I’d like to draw a ring statistical chart. This ring has different color configurations. How can I locate the node template?
function init() {
var $ = go.GraphObject.make;
myDiagram =
$(go.Diagram, "myDiagramDiv");
myDiagram.nodeTemplate =
$(go.Node, "Spot",
$(go.Panel,
$(go.Shape, { fill: "transparent", stroke: "cyan", strokeWidth: 3 },
new go.Binding("geometry", "value", makeArc),
new go.Binding("stroke", "color1")),
$(go.Shape, { fill: "transparent", stroke: "gray", strokeWidth: 3 },
new go.Binding("geometry", "value", makeArcRest),
new go.Binding("stroke", "color2"))
),
$(go.TextBlock,
new go.Binding("text"))
);
// These arcs assume the angle starts at 270 degrees, at the top of the circle.
// They all assume the circle is 100x100 in size.
function makeArc(sweep) {
return new go.Geometry()
.add(new go.PathFigure(50, 0)
.add(new go.PathSegment(go.PathSegment.Arc, -90, sweep, 50, 50, 50, 50)));
}
function makeArcRest(sweep) {
var p = new go.Point(50, 0).rotate(-90+sweep).offset(50, 50);
return new go.Geometry()
.add(new go.PathFigure(p.x, p.y)
.add(new go.PathSegment(go.PathSegment.Arc, sweep-90, 360-sweep, 50, 50, 50, 50)));
}
myDiagram.model = new go.GraphLinksModel(
[
{ text: "Alpha", value: 0 },
{ text: "Beta", value: 90 },
{ text: "Gamma", value: 135 },
{ text: "Delta", value: 330, color1: "red", color2: "green" }
]);
}
produces:
Thank you for your reply.
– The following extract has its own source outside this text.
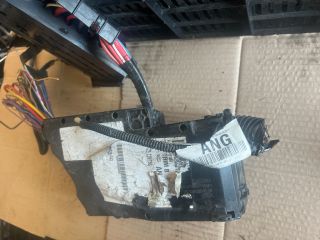 bontott FORD FOCUS III Biztosítéktábla Motortér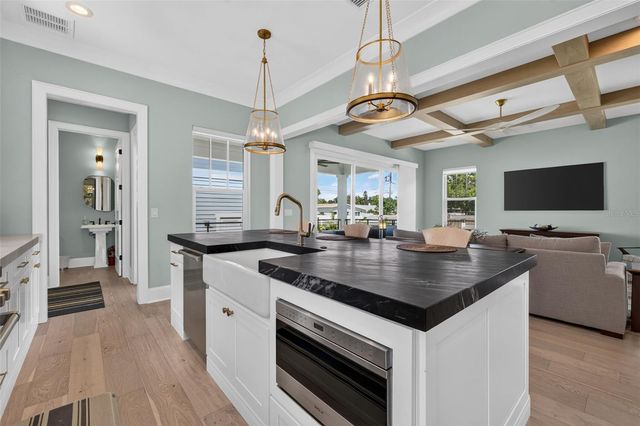 239 39TH AVENUE NE, St Petersburg, FL 33703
It’s very useful to me There is another scenario that can’t be realized. There may be many colors of the ring. The data is configured dynamically. What should I do
Convert data to this image.A circle made up of many fan-shaped rings.
I refer to it. demo: GoJS/radialPartition.html at master · NorthwoodsSoftware/GoJS · GitHub
But I still don’t understand.
Can you help me. Thank you
I think Pie Charts does what you want, except you need to adapt the makeGeo
function so that it returns a Geometry that is what you want. The makeAnnularWedge
function in Radial Partition Layout does something similar to what you want, although the geometries are centered differently.